Wednesday, July 15, 2009

Wednesday morning

My morning consisted of sniveling and feeling sorry for myself. That is lifting a bit now and I feel more motivated. Got the sign project moving forward and came up with some real design. A little welded metal icon thing that roughly represents the profile of 172 N. Center Street welded to corrugated steel. I think the corrugated thing is so over, but everybody else thinks it is still cool and necessary even though it has nothing to do with the project. Then a brief venture into Ciudad Rodrigo, from a blog I happened onto.

Then back to the Ephron article. She makes me moan. She is so confident, has a Park Avenue apartment, rented her house upstate or somewhere to someone for $200,000. It takes me four years to make that much gross.

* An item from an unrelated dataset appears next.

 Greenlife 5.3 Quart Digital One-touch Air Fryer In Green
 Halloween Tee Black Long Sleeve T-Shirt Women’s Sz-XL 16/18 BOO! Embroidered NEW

I don't pay much in taxes and the rest goes to living expenses that can be written off.

I picked up stacks of paper around the room. A list of places to go and things to do in Chicago on the trip we didn't take. Too expensive right now. Need to trim down the credit card bills. Can't keep bailing us out with Finegan Thompson. Although I have a lot of work right now. I keep looking at this portrait of Son House on a CD cover. By the way, the CD was invented in 1979, the year FT was started.

This is becoming a disjointed rant. Must be going manic, or probably mixed state. What I wanted to say, after reading an article about Nora Ephron in New Yorker is that you think you are going to come out on the other side of bipolar and you're just not. It will go on forever. You might sit on the porch and watch the moon rise, but you'll never be secure in the knowledge that you are going to wake up in the same mood you took to bed.

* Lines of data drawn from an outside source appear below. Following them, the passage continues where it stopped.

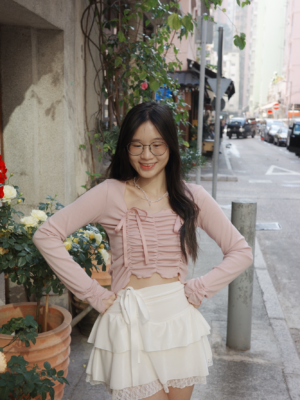 【Feb Vol.1】情人節穿搭~雙絲帶皺皺彈性長袖上衣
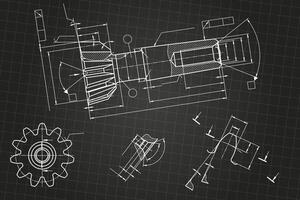 Mechanical engineering drawings on black background. Tap tools, borer. Technical Design. Cover. Blueprint. vector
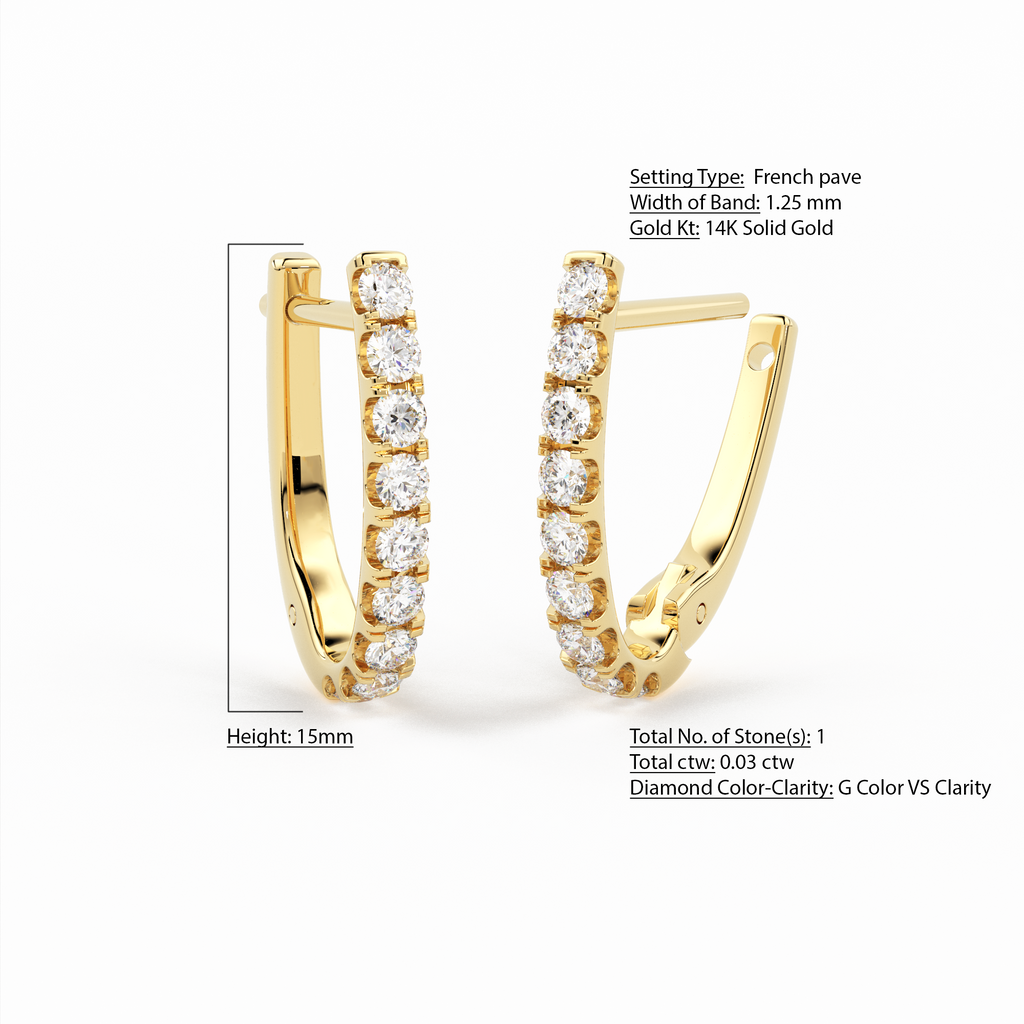 Diamond Pave Huggie Earrings / Diamond Huggies / 14k Solid Gold Huggie Earrings / Tiny Huggie Earrings / 1MM Diamond Hoop Earrings / Gift For Her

All these pieces of paper, lists and phone numbers of people forgotten will live where they are for a while. Then they will become out-of-date and discarded along with the ideas they started with. Maybe I/we should take heart from the fact that these notes are about ideas that were stillborn. They weren't meant to be and didn't pan out. It's ok.

I have a lousy recording of La Boheme but it's ok. I can always Google reviews and find a better one and for about $17-28 have it to play. A play about a bunch of reprobates and a woman who gets sick and dies.

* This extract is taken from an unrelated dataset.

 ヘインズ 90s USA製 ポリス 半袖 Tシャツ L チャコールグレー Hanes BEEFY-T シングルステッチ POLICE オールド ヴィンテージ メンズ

Now I am the reprobate, or so it seems. I sit around lamenting my misfortune when really, I lead an ideal life. I am "at work" all the time, thinking off and on about the projects I am working on. Then during work hours I commit them to paper, then to reality. I have the accumulated wisdom to think of all the obstacles and how to either overcome them or share them with the client to see how much they can participate, financially, in solving them.

When not at work, I get to hike in beautiful places with faithful, loyal companions who do not butt in to my dialog or talk over me. We're all so rude. Poor listeners.

I get a whiff of something that smells like loose change when you hold it up to your nose. Olfactory hallucination. I can't spell anymore.